Problem statement:
Two lines below mark the span: the one containing "istock Confidence and" and the one containing "Hombres armados irrumpen". Set down both, plus every line between, exactly as they stand, and nothing else.

Extracted information:
§ §

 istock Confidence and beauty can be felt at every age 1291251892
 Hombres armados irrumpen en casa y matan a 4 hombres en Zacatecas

§ §

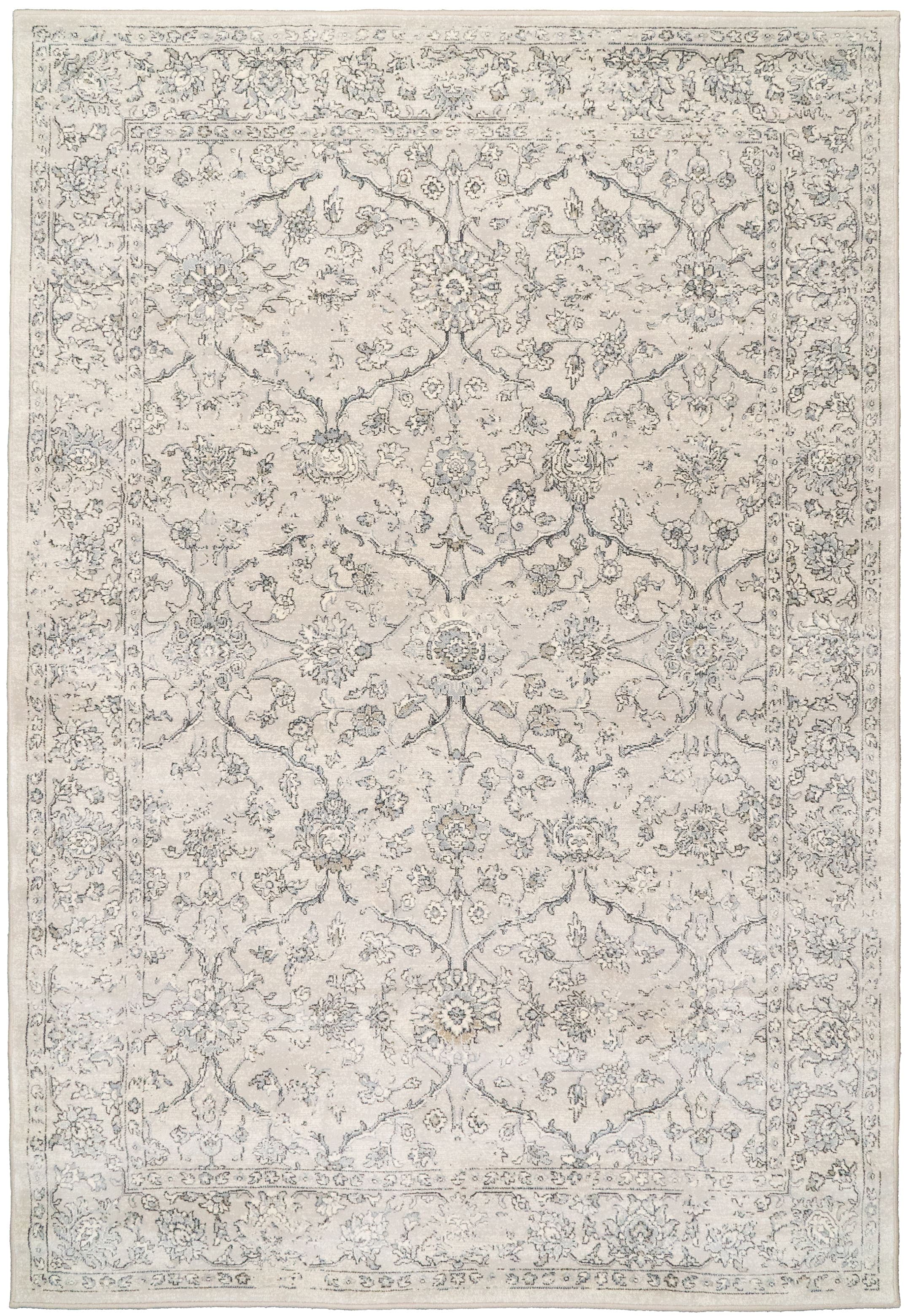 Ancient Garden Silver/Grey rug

§ §

Answer box:
 istock Confidence and beauty can be felt at every age 1291251892
 Hombres armados irrumpen en casa y matan a 4 hombres en Zacatecas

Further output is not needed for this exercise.